Prime Numbers – How to Factor 10^n – 1

Question

How can the prime factors of $10^n – 1$ be found?

$9 = 3^2$ is obviously a factor. If $n = p-1$, $p$ is a factor from Fermat's Little Theorem. I am stuck beyond that.

Answer 1

Step 1

3 is always a prime factor.

Step 2

We show that there are infinitely many numbers of the form $11, 111, \ldots$ which are divisible by any $x$, where $x$ is not a factor of $2$ and $5$.

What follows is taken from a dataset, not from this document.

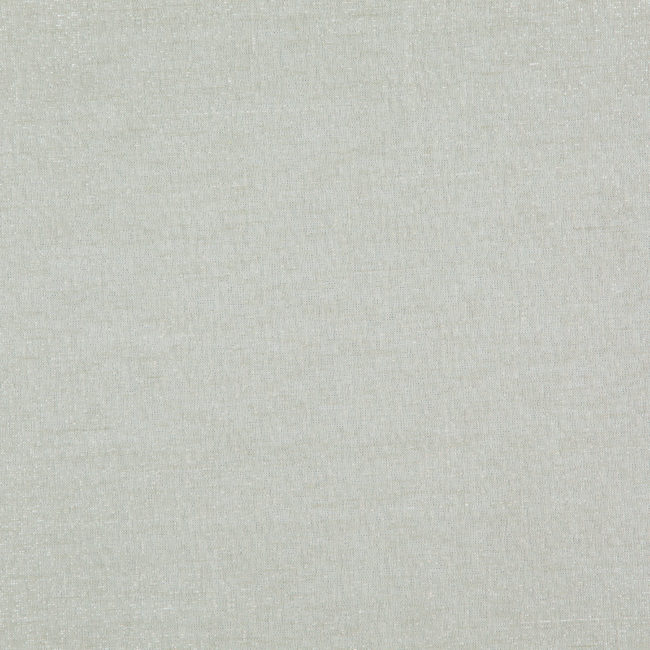 full size image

Consider $S = \{11, 111, 1111, \ldots, 111111111111111\}$ (15 ones in the last one). So there are $14$ numbers in this set. Divide each one by $13$, and then the remainder modulo $13$ for each number is from $0$ to $12$. Since there are $14$ remainders (from the set S) and only $13$ possible outcomes, therefore there are $2$ numbers for which, the remainder is the same. Then the difference of these two numbers is now divisible by $13$. This difference is of the form $11111\ldots00000$ ($a$ $1’s$ and $b$ $0’s$). That means the number $1111\ldots111$ (with $a$ $1’s$) from this set is divisible by $13$.

This means there are infinitely many numbers of this form divisible by $13$. The same argument can be extended to any $x$. We cannot have $x$ multiple of $2$, $5$ because of the ending zeroes in the argument.

Step 3

From steps 1 and 2, though we have 3 has a factor of $10^n - 1$, we will not get a pattern, because for arbitrary $x$ (not multiple of 2 and 5), $x$ divides an infinitely many of the repunit numbers.

In short, there is no easy way to predict the factors